▸ **Exercise directions**: In the entries below, find the line with "Hi folks, John" and the line with "Thanks for watching.". Print those two and everything between them exactly, and nothing else.

▸ **Given data**:
|---|
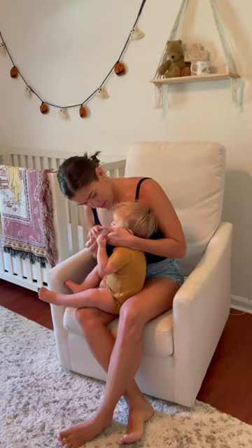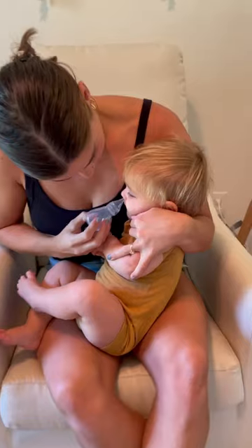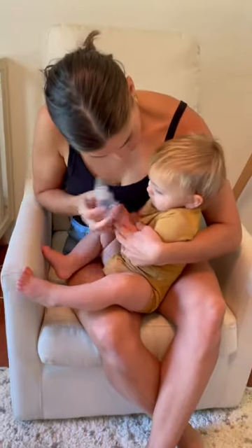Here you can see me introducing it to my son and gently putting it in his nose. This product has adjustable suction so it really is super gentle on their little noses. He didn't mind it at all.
|---|
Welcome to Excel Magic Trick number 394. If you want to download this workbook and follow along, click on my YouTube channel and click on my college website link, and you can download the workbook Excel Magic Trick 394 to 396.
|---|
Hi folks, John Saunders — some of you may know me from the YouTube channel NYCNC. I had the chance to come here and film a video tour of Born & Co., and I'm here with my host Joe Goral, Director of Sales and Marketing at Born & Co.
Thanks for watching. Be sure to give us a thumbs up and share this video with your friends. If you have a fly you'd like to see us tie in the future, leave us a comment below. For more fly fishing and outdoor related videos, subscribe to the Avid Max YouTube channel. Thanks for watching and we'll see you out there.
|---|
▸ **Your response**:
Hi folks, John Saunders — some of you may know me from the YouTube channel NYCNC. I had the chance to come here and film a video tour of Born & Co., and I'm here with my host Joe Goral, Director of Sales and Marketing at Born & Co.
Thanks for watching. Be sure to give us a thumbs up and share this video with your friends. If you have a fly you'd like to see us tie in the future, leave us a comment below. For more fly fishing and outdoor related videos, subscribe to the Avid Max YouTube channel. Thanks for watching and we'll see you out there.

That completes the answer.